> **TASK**
From the line containing "Volvo XC90 II" to the end of the records below, both included, every line should be repeated exactly; pictures should be dropped.

> **RECORDS TO PROCESS**

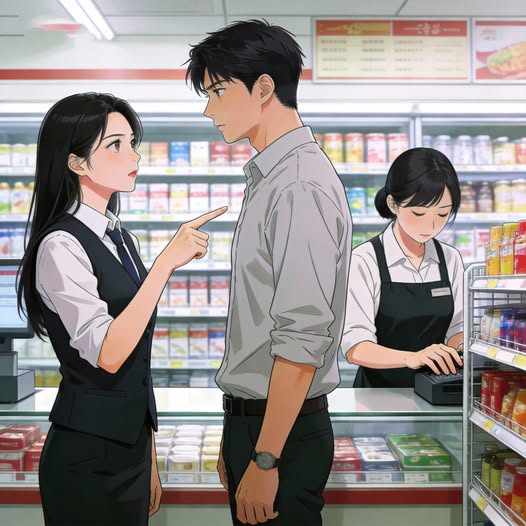 Chồng Sắp Cưới Ngoại Tình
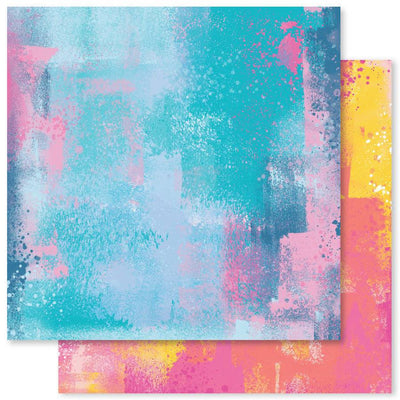 Arty Love 1.0 E 12x12 Paper (12pc Bulk Pack) 23182 - Paper Rose Studio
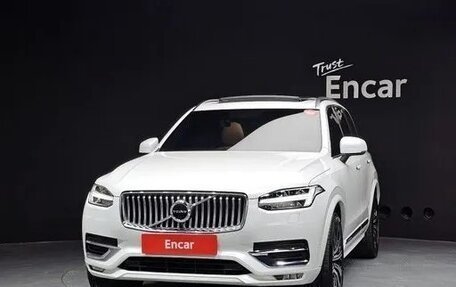 Volvo XC90 II рестайлинг, 2020 год, 5 680 000 рублей, 2 фотография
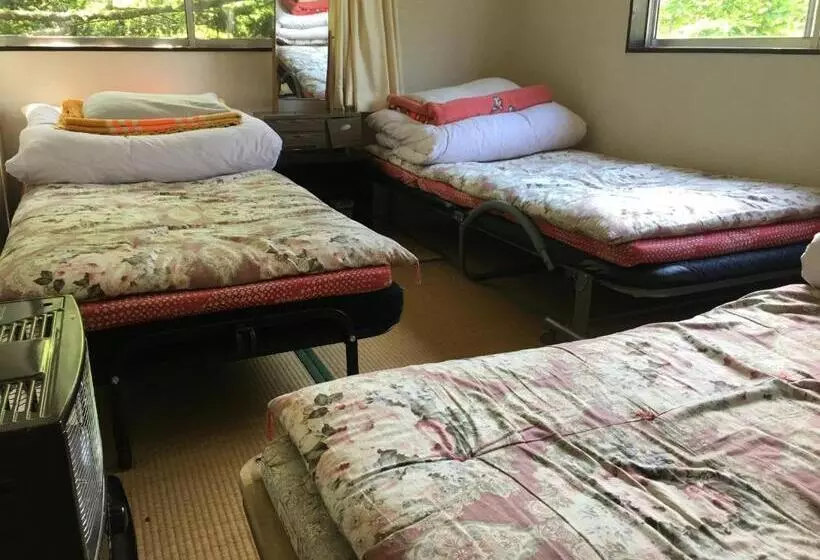 エコノミートリプルルーム, Towadako Hostel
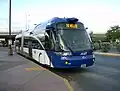 Spurbus Civis in Las Vegas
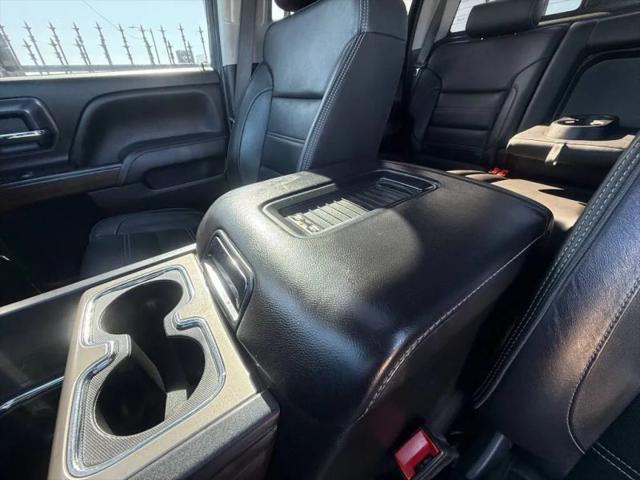 2019 GMC Sierra 2500HD Denali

> **RESULT OF THIS EXERCISE**
 Volvo XC90 II рестайлинг, 2020 год, 5 680 000 рублей, 2 фотография
 エコノミートリプルルーム, Towadako Hostel
 Spurbus Civis in Las Vegas
 2019 GMC Sierra 2500HD Denali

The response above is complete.